Callahan's Key
Page 8
Three weeks later, each of those antique buses had been brought fully up to Shorty’s and Dorothy’s standards with regard to roadworthiness, gas mileage, and emissions cleanliness. And each had been fundamentally reconfigured within, so that its interior was now roughly sixty-six percent cargo space and thirty-four percent passenger space/living quarters—with variations to fit individual family units or other groups. Each had, at minimum, heat, running potable water, a stove of some sort, and some sort of sanitary provisions. No two were alike; we scrounged parts from everywhere. My personal bus, for instance, had a surplus Greyhound toilet (with a smaller holding tank) and a microwave oven wired into the electrical system, whereas Shorty managed to fit a standard Winnebago plumbing system and stove into his, and Jim Omar, with characteristic quirkiness, built a wood-burning cookstove and a genuine antique water closet complete with pull chain into his own vehicle. (His ignition was literally a switch: a big old knife-switch like the one Frankenstein’s monster throws to blow up the laboratory, sticking up out of the dashboard. He said he hated carrying keys. At one point on the trip, at a rest stop in Virginia, he and I would watch a young wannabe bus thief spend five solid minutes looking for the place where the key went, before we chased him off.)
One thing that kept me awake nights for a while was the problem of what the hell to do with all the seats. In converting those big yellow kid-haulers to big yellow cargo-haulers, we naturally had to rip out one whack of a lot of seats…and it turns out that the damned things don’t stack neatly, and after a while there was an almighty huge heap of them. I was perfectly prepared to leave them for Grtozkzhnyi, let him figure out what to do with them once we were gone—but it got to the point where they were taking up so much space in the parking lot, there was scarcely room for people to park.
Then one morning Zoey let out a whoop while reading Newsday over her breakfast coffee. She had found an article about how the county was considering whether or not it could afford to replace several hundred park benches in county parks. She started working the phone, and by dusk of the following day we were as seatless as Cher. You remember those plastic schoolbus seats, don’t you? Leave one out in the weather for a hundred years, it won’t need replacing.
How did we keep track of who put in how much money, who contributed how much labor, who deserved how much cubic footage for his goods?
We didn’t. It seemed too much like work. Of which we had no shortage.
Instead, we used basically the same scheme we’ve always used for bar-change. We just trusted each other.
See, back in the original Callahan’s Place, Mike Callahan had a flat rate: every drink in the house cost a dollar—and if for some reason you decided not to smash your emptied glass in the fireplace, you were entitled to take two quarters’ change out of the cigarbox on the end of the bar on your way out.
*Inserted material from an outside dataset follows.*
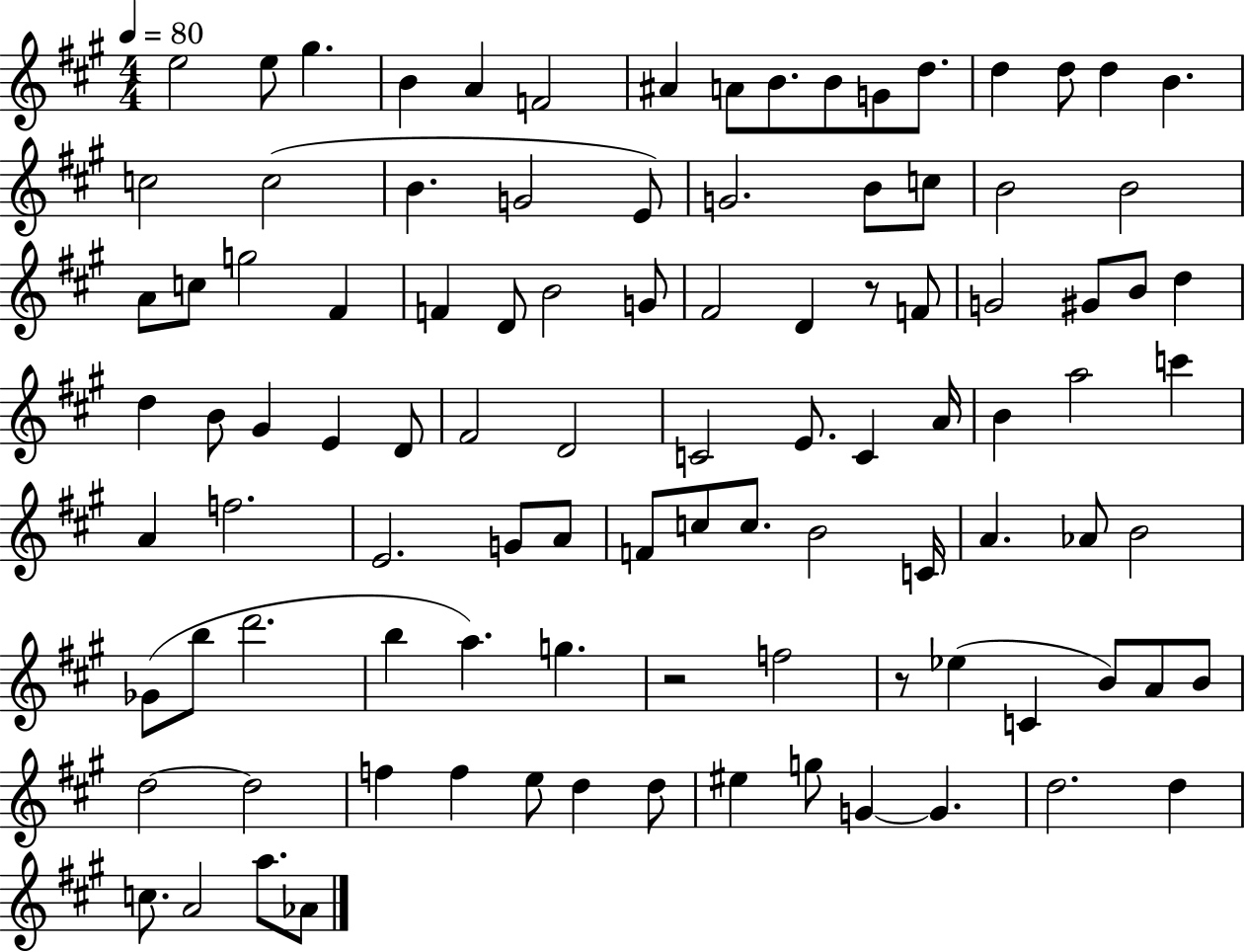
E5/h E5/e G#5/q. B4/q A4/q F4/h A#4/q A4/e B4/e. B4/e G4/e D5/e. D5/q D5/e D5/q B4/q. C5/h C5/h B4/q. G4/h E4/e G4/h. B4/e C5/e B4/h B4/h A4/e C5/e G5/h F#4/q F4/q D4/e B4/h G4/e F#4/h D4/q R/e F4/e G4/h G#4/e B4/e D5/q D5/q B4/e G#4/q E4/q D4/e F#4/h D4/h C4/h E4/e. C4/q A4/s B4/q A5/h C6/q A4/q F5/h. E4/h. G4/e A4/e F4/e C5/e C5/e. B4/h C4/s A4/q. Ab4/e B4/h Gb4/e B5/e D6/h. B5/q A5/q. G5/q. R/h F5/h R/e Eb5/q C4/q B4/e A4/e B4/e D5/h D5/h F5/q F5/q E5/e D5/q D5/e EIS5/q G5/e G4/q G4/q. D5/h. D5/q C5/e. A4/h A5/e. Ab4/e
The prices will give you an idea of how long ago this was. When I opened up Mary’s Place after Callahan’s closed (well, actually it didn’t exactly close—what it did was more open a little too emphatically…owing to the detonation of a small nuclear weapon within its walls), the cigarbox was one of Mike’s many traditions that I carried on—although naturally I had to raise the prices, to three bucks a drink, a dollar back if you returned your empty glass. Both Callahan and I made it a point never to pay the slightest attention to who took how much out of the cigarbox. We noticed its existence only when someone pointed out to us that it needed refilling…which didn’t happen often. Mike said if he couldn’t trust his customers, he didn’t much want to tend bar, and I’ve always felt the same way.
If you’re already accustomed to trusting your friends with small change, it’s not much of a leap to serious bucks. A cigarbox wouldn’t have served, in this instance, so Long-Drink solved the problem by bringing in a packing crate that had been used to ship boxes of cigars. He set it just inside the door and hung a sign on it that read “THE KITTY” and I tossed in a few hundred bucks to salt the mine, and after that we basically forgot it. If folks needed cash for materials or supplies, they took what they figured they’d need and came back with any change; if folks had cash to contribute to the caravan, they tossed it into the crate. Records of who put in how much do not exist—at least not with me, though I imagine most folks reported to the IRS eventually. But if I wanted to for some reason, I think I could probably guess pretty close. I already know which of my friends are how affluent and how generous; I don’t need figures to tell me.
Neither did anyone else. Astonishing as it may seem for an enterprise involving human beings, there were no squabbles about money. To each according to his/her needs; from each according to his/her abilities, was our guiding principle. We had more important things to think about.
Hundreds of them. No, hundreds of thousands. Everybody had Special Circumstances. Kids (or grandkids or in some cases great-grandkids), or pets, or disabilities, or unique cargo requirements of some sort. Bill Gerrity, for example, owns a macaw. That affects interior vehicle layout more than you might imagine: your average macaw could easily chew his way out of a mahogany box, and for some reason they find steering wheels irresistibly attractive perching-places—not ideal when you’re pushing several tons down the highway. Then there were the Masers. You would expect a household consisting of one husband and two wives to have unusual travel requirements—but what none of us had fully grasped after more than thirty years of drinking with Joe and Susie and Suzie was that between them they had fourteen cats. Tommy Janssen had gotten so heavily into computers lately that his bus needed special wiring and power supply. And so forth.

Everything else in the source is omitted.